Événements 23/09/2019Votre rendez-vous mensuel Le Squash autrement observe la discipline sous un angle plus large que celui de l'actualité sportive instantanée.
Depuis quelques mois, les joueuses du pôle France de Créteil travaillent avec un nouveau préparateur physique, et la période estivale a été très intense. Les résultats ne se sont pas fait attendre en ce début de saison 2019-2020, et on a profité de leur présence à l'open de France à Nantes pour en savoir plus sur la rencontre entre Frédéric Pfeferberg et l'entraîneur national Philippe Signoret. Entretien passionnant avec deux passionnés.

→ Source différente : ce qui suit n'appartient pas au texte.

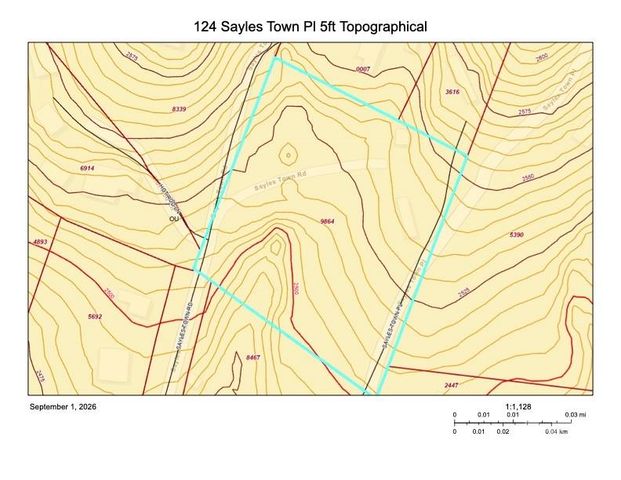 124 Sayles Town Place, Fairview, NC 28730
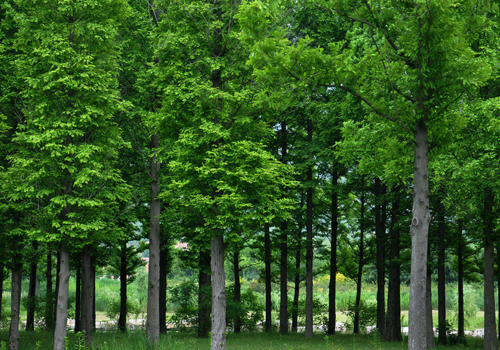 研究显示全球10亿人生计依赖森林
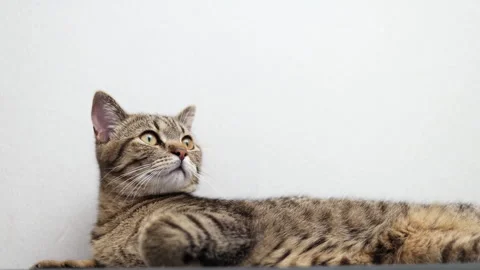 Tabby cat kitty relax in bathroom sink on bed window.hand petting cat Stock Footage 242594531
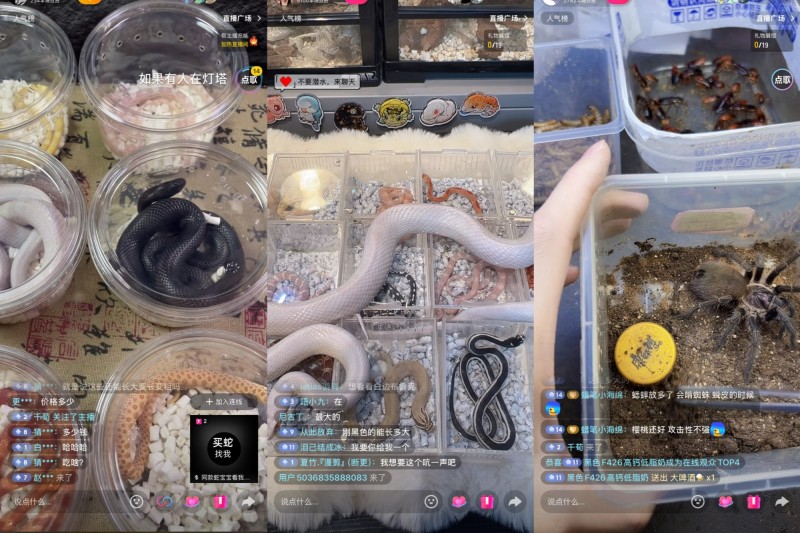 “异宠”买卖饲养链条调查:“异宠热”背后暗藏哪些隐患?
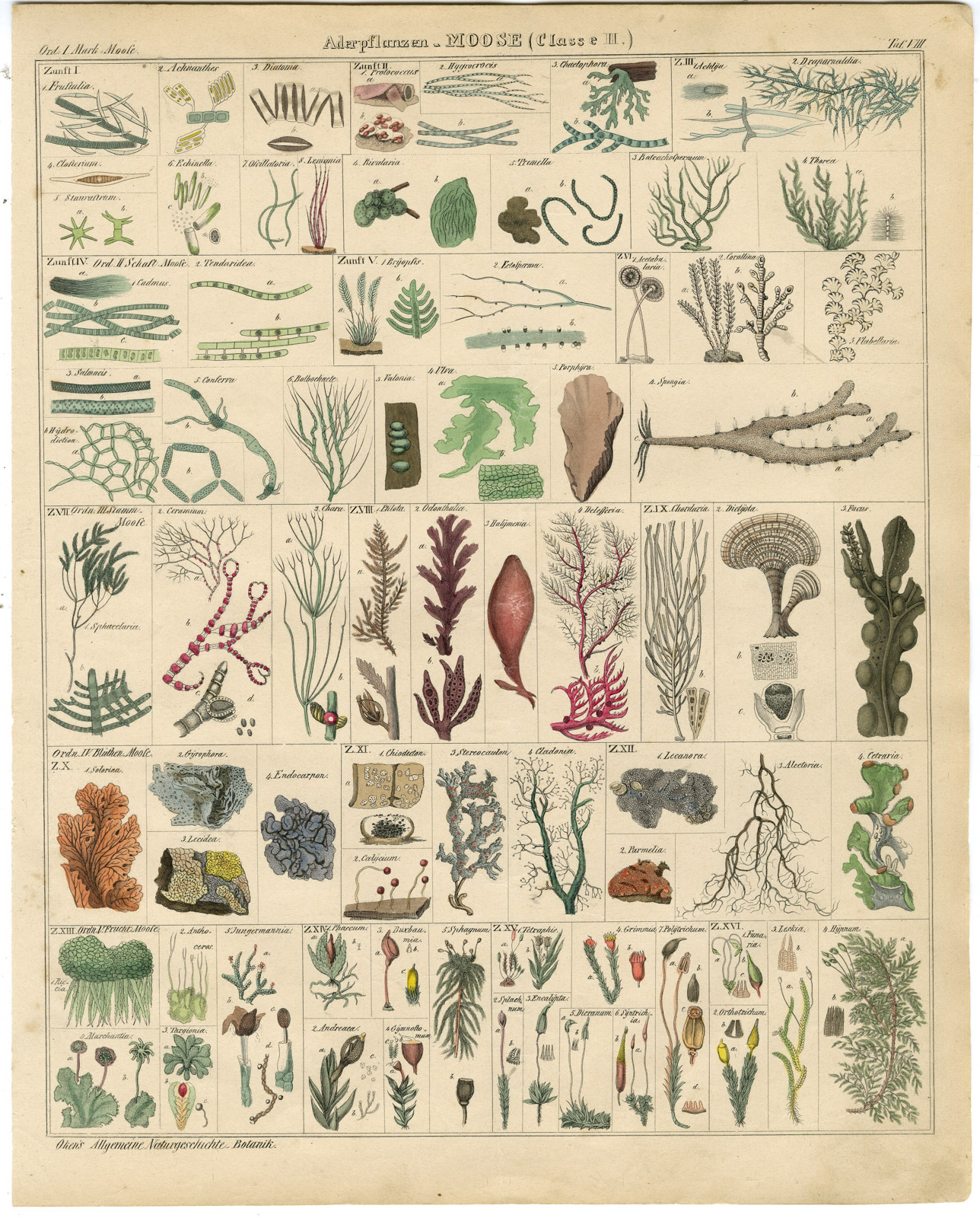 , Antique Print-MOSS-LICHEN-ICELAND-PORPHYRA-HYPNUM-Oken-1833, Pictura Antique Prints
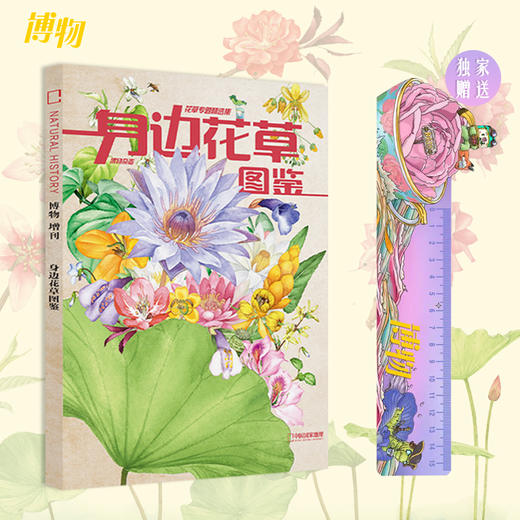 《身边花草图鉴 》博物杂志花草专题精选集 2022年增刊礼物礼盒 商品图1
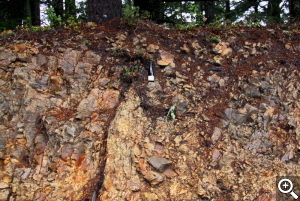 The Monterey shale is quite fractured which allows deep root penetration into the rock strata. Notice the tree root descending from the bottle to the bottom of the picture.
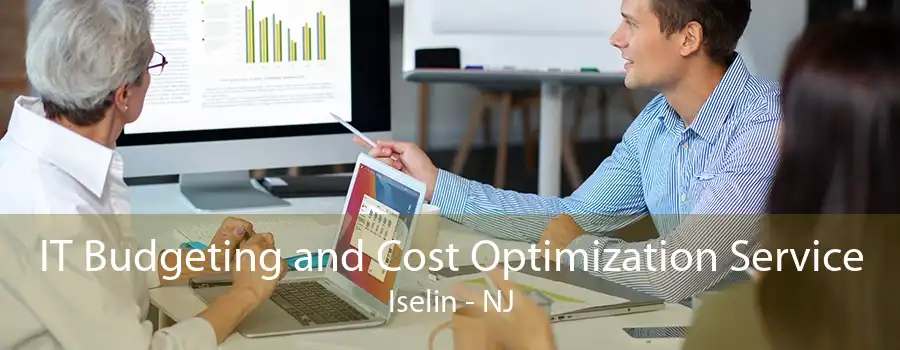IT Budgeting and Cost Optimization Service Iselin - NJ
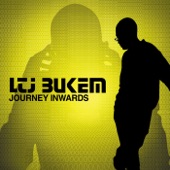 LTJ Bukem - Unconditional Love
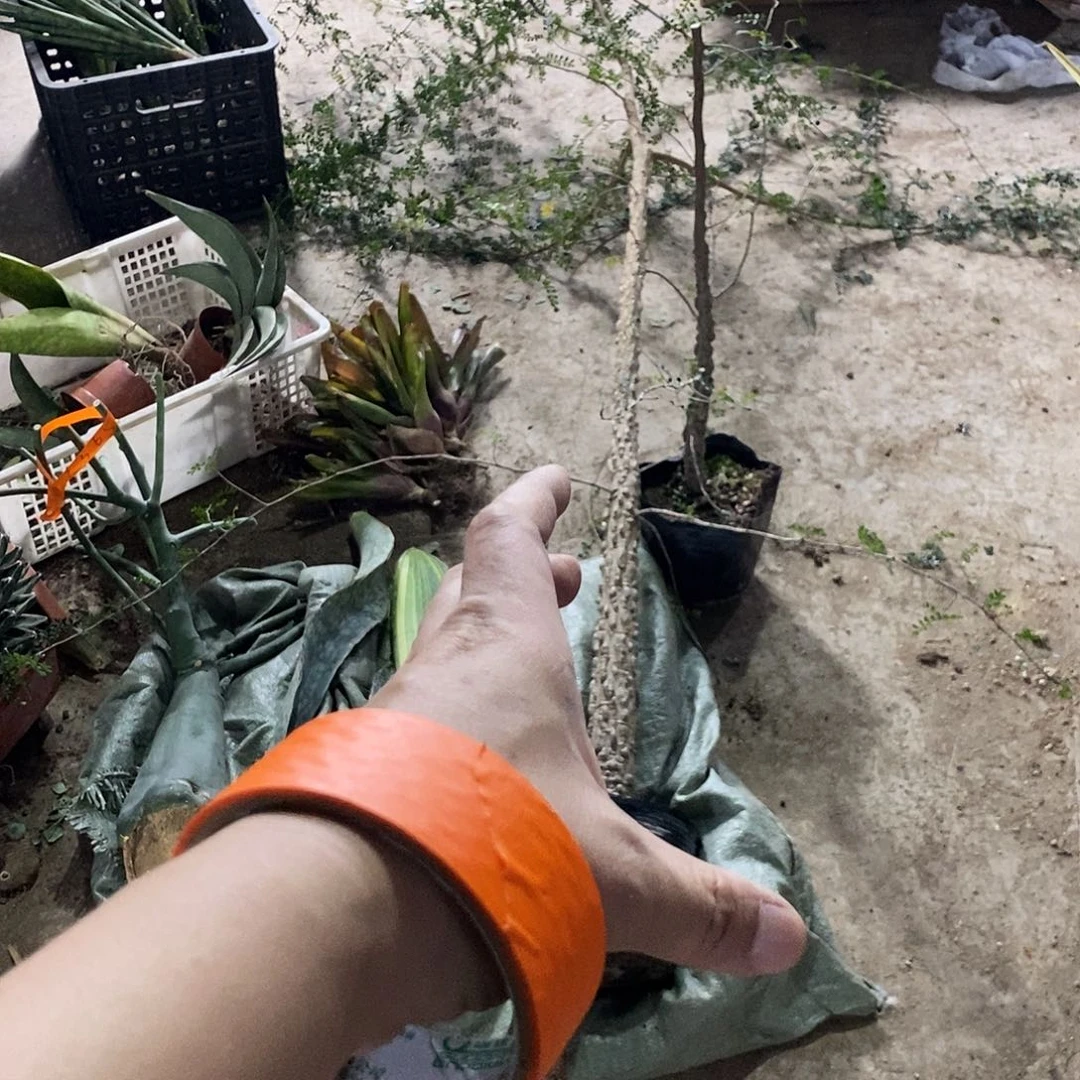 9***70000000000000000000900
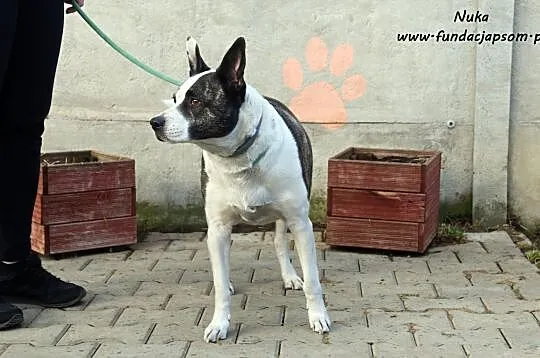 Nuka - suczka w typie amstaffa, Mazowieckie, Nowy Dwór Mazowiecki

Jérôme Elhaïk : Philippe, Frédéric, bonjour. Ma première question est très simple : est-ce que vous vous connaissiez avant de commencer à travailler ensemble ?
Philippe Signoret : Fred, je vais me permettre de répondre en premier. Non on ne se connaissait pas du tout, mais on a un ami commun, Stéphane Poutz. C'est un fou de squash, qui a 10 000 idées à la seconde et m'en fait souvent part. Parfois j'en tiens compte, d'autres fois non. Je dois avouer que sur ce coup-là, j'ai failli ne pas l'écouter (rires) ... Je me souviens bien, quand il m'a parlé de Fred et m'a suggéré qu'on devrait se rencontrer, c'était en avril et j'étais à El Gouna. J'ai accepté, par politesse mais aussi par curiosité car je suis ouvert à toutes les choses qui peuvent faire progresser les joueuses. Je précise qu'au départ, c'est surtout Camille (Serme) qui était concernée et pas forcément les autres membres du pôle. On s'est donc vus à mon retour d'Égypte, et le courant est passé immédiatement. À tel point qu'on a très rapidement abordé les modalités de mise en place d'une collaboration entre nous.
Aux côtés du kiné Florent Ehrstein et de Philippe Signoret, Frédéric Pfeferberg (à droite) n'a pas raté une miette des matches de Camille Serme à l'open de France (Crédit photo : Ladies Squash)
J.E. : Juste pour préciser les choses, comment se passait la préparation physique des joueurs et joueuses du pôle France de Créteil avant l'arrivée de Frédéric ?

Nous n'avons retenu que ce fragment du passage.